## Rate Constants

$aR \to bP, Rate = -\frac{1}{a} \frac{d[R]}{dt} = \frac{1}{b}\frac{d[P]}{dt}$

Kennedi2J
Posts: 101
Joined: Wed Sep 18, 2019 12:20 am

### Rate Constants

What does it mean for a reaction to be pseudo-first-order?

Daniel Yu 1E
Posts: 100
Joined: Sat Aug 24, 2019 12:15 am

### Re: Rate Constants

A Pseudo First Order Reaction is reaction which is not first-order reaction naturally but made first order by increasing or decreasing the concentration of one or the other reactant is known as Pseudo first order reaction. Pseudo means 'fake'.

Posts: 50
Joined: Fri Sep 27, 2019 12:29 am

### Re: Rate Constants

To be pseudo-first-order, the concentration of one of the reactants in the rate law must be increased to be much larger than the concentration of the other reactant. For example, look at #15 from ENDGAME. The concentration of A has been increased so much that even when A is used up by the reaction, there is essentially no change in the concentration of A. Because of that, we can say that the rate law of that reaction is only dependent on [B] and is, therefore, pseudo-first-order even though the actual rate law = k[A][B] which is 2nd order.

Philomena 4F
Posts: 27
Joined: Wed Feb 27, 2019 12:16 am

### Re: Rate Constants

Anuradha S 1F wrote:To be pseudo-first-order, the concentration of one of the reactants in the rate law must be increased to be much larger than the concentration of the other reactant.
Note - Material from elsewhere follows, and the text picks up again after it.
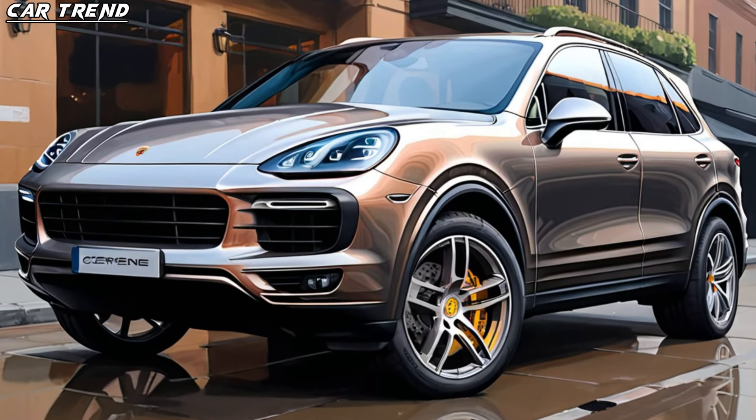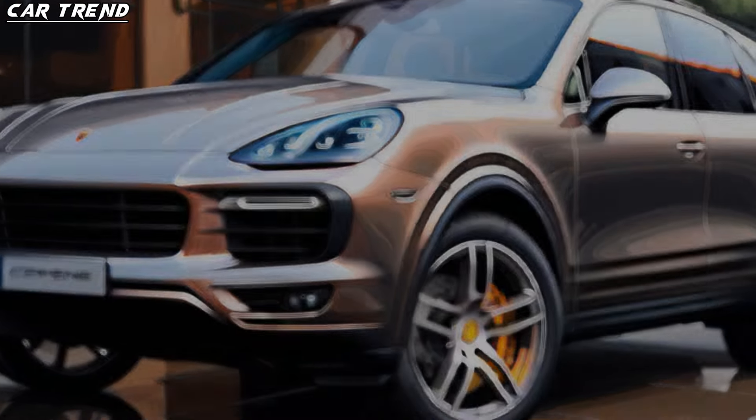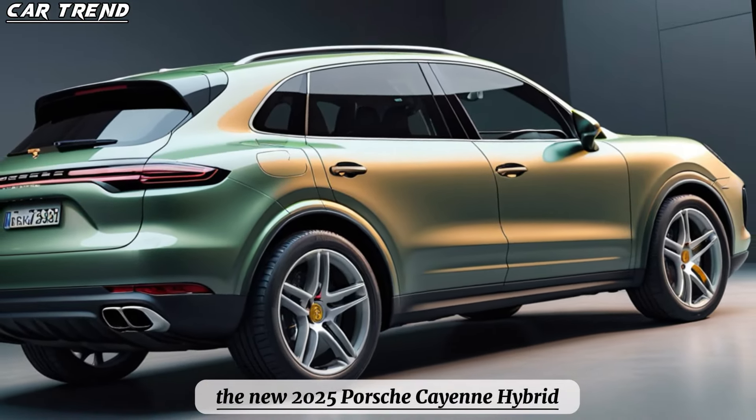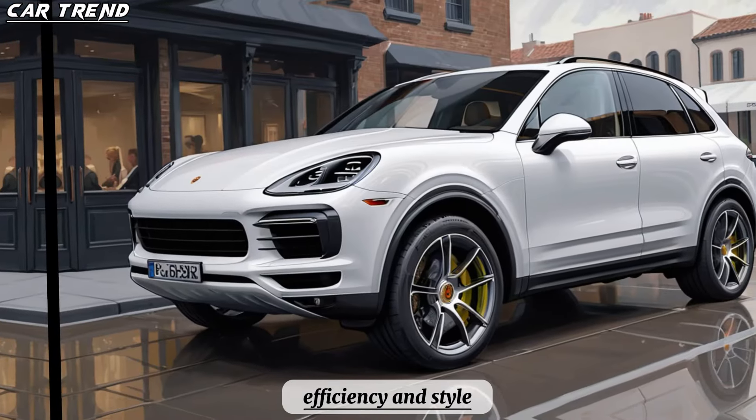Hello and welcome to CarTrend, the channel where we review the latest and greatest cars on the market. Today, we're going to take a look at the new 2025 Porsche Cayenne Hybrid, a luxury SUV that combines performance, efficiency, and style.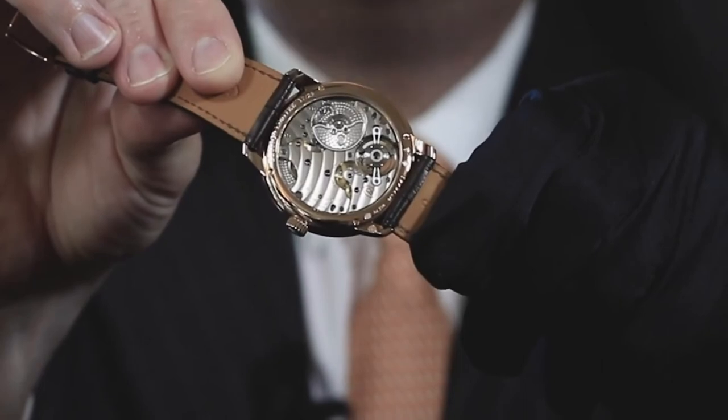The micro rotor behind is in platinum — full 950 platinum. This makes the micro rotor as heavy as possible, winding the watch as efficiently as possible.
For example, look at #15 from ENDGAME. The concentration of A has been increased so much that even when A is used up by the reaction, there is essentially no change in the concentration of A. Because of that, we can say that the rate law of that reaction is only dependent on [B] and is, therefore, pseudo-first-order even though the actual rate law = k[A][B] which is 2nd order.

Is there a guide on how large one [reactant] has to be compared to the other [reactant] for this concept to be applied?